LDP or RSVP-TE? Why not both?
Introduction
Traditional arguments in the MPLS world include “which signaling protocol to use – LDP or RSVP-TE?” The traditional response is “Use LDP when you want simplicity, use RSVP-TE when you want bandwidth guarantees and 50ms reroute around failure”. Fair enough, but aren’t there any other parameters we should incorporate when making the decision for one or both of these protocols in our network? The article examines the implementations where a provider might use both side-by-side and LDPoRSVP-TE.
Quick review of LDP and RSVP-TE
Looking at LDP – this is the simplest of the signaling protocols to use for MPLS. Just by turning on LDP on the node/interface, labels automatically get advertised for each route in the routing table to all LDP peers. It couldn’t be any more simple – instant LSPs. That’s the good news. A full mesh of LSPs is automatically created amongst all the interconnected nodes running LDP.
The not-so-good news is that you have LSPs to everything in the routing table – whether you need them or not. We typically would never use an LSP to an interface address – but since interface addresses are in the routing table, labels are assigned and distributed for those addresses. LDP FEC filtering (or conditional label advertising) can address this issue, but usually requires some extra configuration.
The other thing about LDP is the limited QoS capability. We are able to use the EXP bits to incorporate “relative QoS” using LDP. Relative QoS basically means prioritization and queue scheduling. It is impossible to enforce guarantees with relative QoS, but with enough resources in the network this approach works well.
RSVP-TE creates an LSP when the parameters for the LSP are manually configured.
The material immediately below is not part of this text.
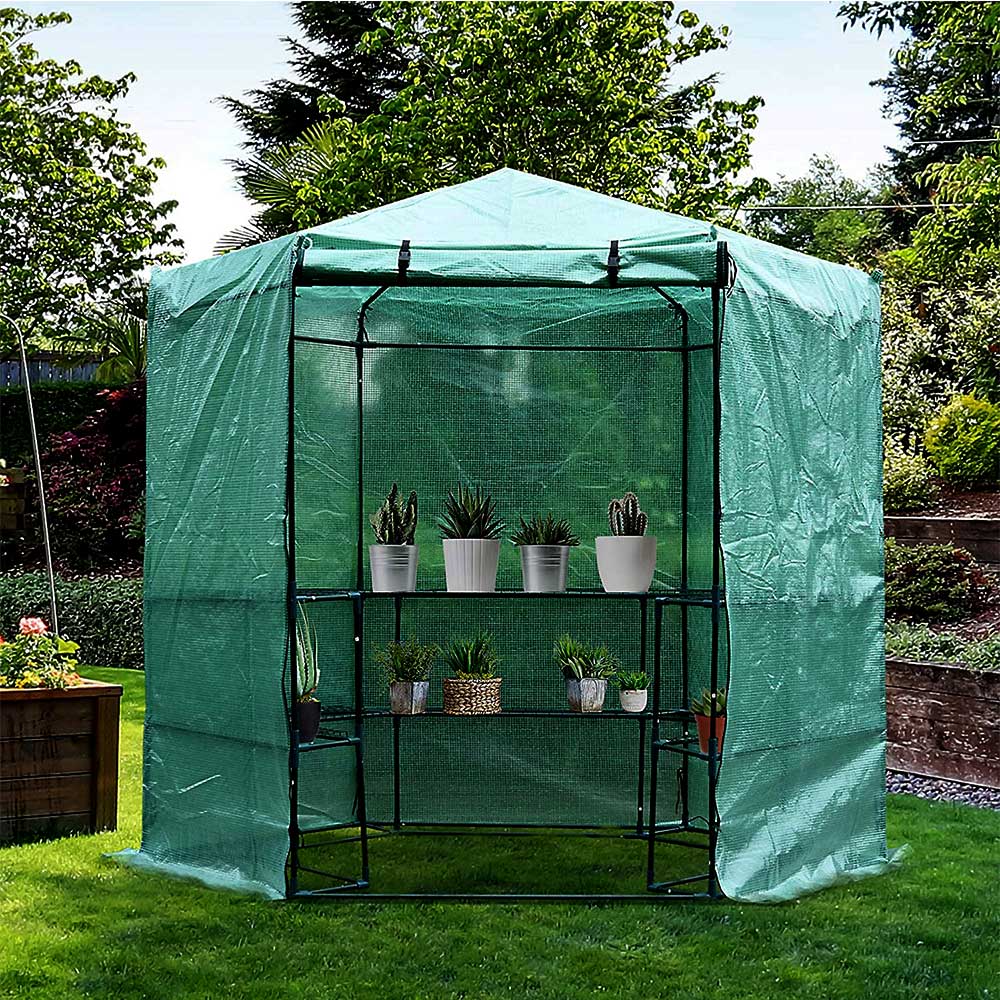 6.5FT x 7.5FT 3 Tier 10 Shelf Outdoor Portable Walk in Hexagonal Greenhouse Kit Plant Hot House for Outdoor Indoor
If the parameters can be met based on the information in the traffic engineering database, RSVP-TE signaling is used to establish the connection (LSP). These parameters include destination and may include options such as: bandwidth requirements, link attribute requirements, explicit route requirements, backup and fast re-route etc.
The good news is that the LSP setup using RSVP-TE can guarantee the bandwidth requested. This is “hard QoS.” (Keep in mind that this is at the LSP-level, so care must be taken into managing the traffic and services that use the LSP.) Another piece of good news is that should there be a failure in the network, the LSP that is configured for Fast Reroute (FRR) can bypass the failure in 50ms or less. Fast re-route is the packet-world’s version of SONet protection. The idea is to try to make the packet layers as reliable as the circuit/physical layers.
The not-so-good news with RSVP-TE is that each LSP must be manually provisioned. Think about a network with 20 PE’s that need to be connected with a full mesh of LSPs. This requires the configuration of 19 LSP’s on each of the 20 nodes – otherwise known as the n-squared problem. And what happens when one node is removed or added to the network? This requires configuration to be done on all the nodes. Remember LDP automatically creates this full mesh just by turning on the protocol.
Using both “side-by-side”
There certainly is no problem with using both in the network. Providers may use LDP LSPs primarily for best-effort traffic and for customers who want a “bare bones”, inexpensive type of service. They might also use RSVP-TE LSPs for those customers who are willing to pay extra for bandwidth guarantees and ultra-reliability. From a configuration perspective, most vendors support both protocols simultaneously, so it’s really just a matter of implementation.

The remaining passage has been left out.